Later, Dana found out that wasn't true. But it would take an act of Congress before she could take him home to Pennsylvania.

The Air Force said it had spent $18,000 training Rex and that, by statute, he needed to finish the remaining five years of his useful life before he could be adopted. Dana's congressman, Rep. John Peterson, R-Pa., helped abolish that policy in an end-of-year defense bill, the White House said.

No less interesting were the other guests of Republicans and Democrats, ranging from parents of fallen soldiers to the mayor of Washington to survivors and rescue personnel from Hurricane Katrina.

Also in Mrs. Bush's box were the family of Marine Staff Sgt. Dan Clay, 27, who was killed Dec. 1 in Fallujah.

Democrats offered a gallery seat to Benny Rousselle, president of Plaqemines Parish, La., which was heavily damaged by Katrina. 
*Missing*

Conspicuously absent from the table of powerful House Republican leaders was Rep. Tom DeLay, R-Texas, who sat there for a decade as the schedule-setting majority leader. He was forced to step down from the post last year after being indicted on campaign finance charges in Texas.

Sitting shoulder-to-shoulder at the table instead were the candidates to succeed him: acting Majority Leader Roy Blunt of Missouri, Ohio Rep. John Boehner and Arizona Rep. John Shadegg. House Republicans choose a new majority leader Thursday.

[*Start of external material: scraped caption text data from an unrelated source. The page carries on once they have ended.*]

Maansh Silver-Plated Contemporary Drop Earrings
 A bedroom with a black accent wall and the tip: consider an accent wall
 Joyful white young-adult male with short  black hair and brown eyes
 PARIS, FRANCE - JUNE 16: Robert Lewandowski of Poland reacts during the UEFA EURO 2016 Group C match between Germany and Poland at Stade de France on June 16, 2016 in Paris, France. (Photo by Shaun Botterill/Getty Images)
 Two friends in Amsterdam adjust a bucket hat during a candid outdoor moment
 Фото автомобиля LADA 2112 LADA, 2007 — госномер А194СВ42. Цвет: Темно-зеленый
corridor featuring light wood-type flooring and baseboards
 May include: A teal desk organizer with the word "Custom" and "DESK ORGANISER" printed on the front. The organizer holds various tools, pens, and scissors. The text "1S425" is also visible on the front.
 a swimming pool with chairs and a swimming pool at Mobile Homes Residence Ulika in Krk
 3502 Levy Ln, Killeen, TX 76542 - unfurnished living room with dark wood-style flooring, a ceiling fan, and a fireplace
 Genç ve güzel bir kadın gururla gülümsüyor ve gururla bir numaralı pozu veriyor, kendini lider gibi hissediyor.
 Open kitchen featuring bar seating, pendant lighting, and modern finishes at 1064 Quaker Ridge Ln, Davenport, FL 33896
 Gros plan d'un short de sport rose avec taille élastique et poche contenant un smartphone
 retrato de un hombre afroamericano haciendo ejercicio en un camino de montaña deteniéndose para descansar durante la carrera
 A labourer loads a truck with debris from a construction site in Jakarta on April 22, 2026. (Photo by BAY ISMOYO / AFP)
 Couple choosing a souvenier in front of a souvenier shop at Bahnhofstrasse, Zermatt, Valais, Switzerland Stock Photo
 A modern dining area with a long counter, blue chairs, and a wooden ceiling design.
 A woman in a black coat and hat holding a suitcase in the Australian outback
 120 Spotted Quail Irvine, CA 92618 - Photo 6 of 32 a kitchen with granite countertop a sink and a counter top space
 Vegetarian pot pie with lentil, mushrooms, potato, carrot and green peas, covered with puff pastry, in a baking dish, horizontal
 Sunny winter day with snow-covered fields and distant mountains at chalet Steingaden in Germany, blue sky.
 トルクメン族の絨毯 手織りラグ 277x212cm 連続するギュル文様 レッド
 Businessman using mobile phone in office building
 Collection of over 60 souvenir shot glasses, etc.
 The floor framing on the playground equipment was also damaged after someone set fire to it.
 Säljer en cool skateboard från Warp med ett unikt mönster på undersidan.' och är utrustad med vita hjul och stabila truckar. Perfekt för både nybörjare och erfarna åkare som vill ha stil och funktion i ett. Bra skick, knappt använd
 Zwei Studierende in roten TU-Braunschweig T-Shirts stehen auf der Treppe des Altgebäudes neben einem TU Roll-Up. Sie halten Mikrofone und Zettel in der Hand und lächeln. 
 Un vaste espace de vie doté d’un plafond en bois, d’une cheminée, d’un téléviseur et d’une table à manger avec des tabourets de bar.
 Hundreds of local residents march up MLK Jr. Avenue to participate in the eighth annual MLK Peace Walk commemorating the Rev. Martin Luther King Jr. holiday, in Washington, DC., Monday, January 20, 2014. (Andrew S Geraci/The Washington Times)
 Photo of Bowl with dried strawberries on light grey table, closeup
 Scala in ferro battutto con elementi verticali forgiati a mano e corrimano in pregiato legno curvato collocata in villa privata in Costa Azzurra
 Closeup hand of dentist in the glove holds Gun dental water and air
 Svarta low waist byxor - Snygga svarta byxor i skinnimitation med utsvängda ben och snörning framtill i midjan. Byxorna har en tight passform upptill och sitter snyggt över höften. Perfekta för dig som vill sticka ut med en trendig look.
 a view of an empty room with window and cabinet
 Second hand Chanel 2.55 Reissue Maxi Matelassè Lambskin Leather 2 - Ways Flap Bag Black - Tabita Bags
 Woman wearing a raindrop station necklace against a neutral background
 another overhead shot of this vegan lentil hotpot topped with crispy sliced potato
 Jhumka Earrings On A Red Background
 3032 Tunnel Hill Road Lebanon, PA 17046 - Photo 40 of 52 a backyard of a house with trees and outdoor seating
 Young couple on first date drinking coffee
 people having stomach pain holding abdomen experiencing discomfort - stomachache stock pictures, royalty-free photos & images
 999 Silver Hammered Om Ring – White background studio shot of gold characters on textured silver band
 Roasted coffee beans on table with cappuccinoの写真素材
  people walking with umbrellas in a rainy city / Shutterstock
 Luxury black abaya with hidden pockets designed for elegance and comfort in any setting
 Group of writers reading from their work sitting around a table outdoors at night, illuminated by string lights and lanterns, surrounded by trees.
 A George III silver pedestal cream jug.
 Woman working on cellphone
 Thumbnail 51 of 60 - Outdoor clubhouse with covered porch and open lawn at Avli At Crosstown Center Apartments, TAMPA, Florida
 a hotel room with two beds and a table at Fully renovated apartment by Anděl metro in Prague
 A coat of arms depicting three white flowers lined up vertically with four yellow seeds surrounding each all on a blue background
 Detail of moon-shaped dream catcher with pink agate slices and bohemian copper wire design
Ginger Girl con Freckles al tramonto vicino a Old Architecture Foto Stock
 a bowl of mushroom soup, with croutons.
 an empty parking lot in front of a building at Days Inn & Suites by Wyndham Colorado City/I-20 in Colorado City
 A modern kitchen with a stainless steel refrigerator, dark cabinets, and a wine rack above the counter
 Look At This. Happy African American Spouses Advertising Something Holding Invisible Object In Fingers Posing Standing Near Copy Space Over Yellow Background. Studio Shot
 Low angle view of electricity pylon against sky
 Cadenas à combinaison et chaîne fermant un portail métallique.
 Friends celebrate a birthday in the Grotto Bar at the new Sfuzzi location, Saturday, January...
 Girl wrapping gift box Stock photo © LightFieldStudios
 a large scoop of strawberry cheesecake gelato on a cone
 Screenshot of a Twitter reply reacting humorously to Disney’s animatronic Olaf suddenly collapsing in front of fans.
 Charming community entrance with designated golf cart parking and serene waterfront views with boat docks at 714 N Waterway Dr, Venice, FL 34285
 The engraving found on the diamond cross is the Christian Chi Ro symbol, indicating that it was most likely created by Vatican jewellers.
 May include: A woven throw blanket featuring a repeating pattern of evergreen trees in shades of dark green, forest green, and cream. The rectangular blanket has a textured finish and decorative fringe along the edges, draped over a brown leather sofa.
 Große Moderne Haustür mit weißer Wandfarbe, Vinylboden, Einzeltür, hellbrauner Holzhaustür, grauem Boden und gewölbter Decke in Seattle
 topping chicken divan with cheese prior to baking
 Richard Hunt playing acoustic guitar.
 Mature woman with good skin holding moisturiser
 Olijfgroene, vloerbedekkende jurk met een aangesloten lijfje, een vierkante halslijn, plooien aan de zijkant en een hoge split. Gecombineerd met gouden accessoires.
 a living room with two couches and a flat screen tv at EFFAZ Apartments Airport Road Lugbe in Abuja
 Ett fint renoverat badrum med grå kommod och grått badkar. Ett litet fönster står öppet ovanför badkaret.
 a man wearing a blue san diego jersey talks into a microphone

Spokesman Kevin Madden said DeLay was sitting near a podium from which members debate opponents. 
_Copyright 2006 by The Associated Press. All rights reserved. This material may not be published, broadcast, rewritten or redistributed._​


----------



## JoninNH (Jan 29, 2004)

Okay, I clicked on this thread to read this article because I thought it was about a fallen soldier's mother being arrested at the speech... had it known it was this liberal, socialist, unpatriotic, selfish bitch who is using her son's sacrafice to push her liberal agenda and get airtime, I never would have wasted my time!
:letitall: :uc: :letitall: :uc: :letitall:


----------



## kwflatbed (Dec 29, 2004)

Yes and she was delt with in the proper manner ARRESTED !!!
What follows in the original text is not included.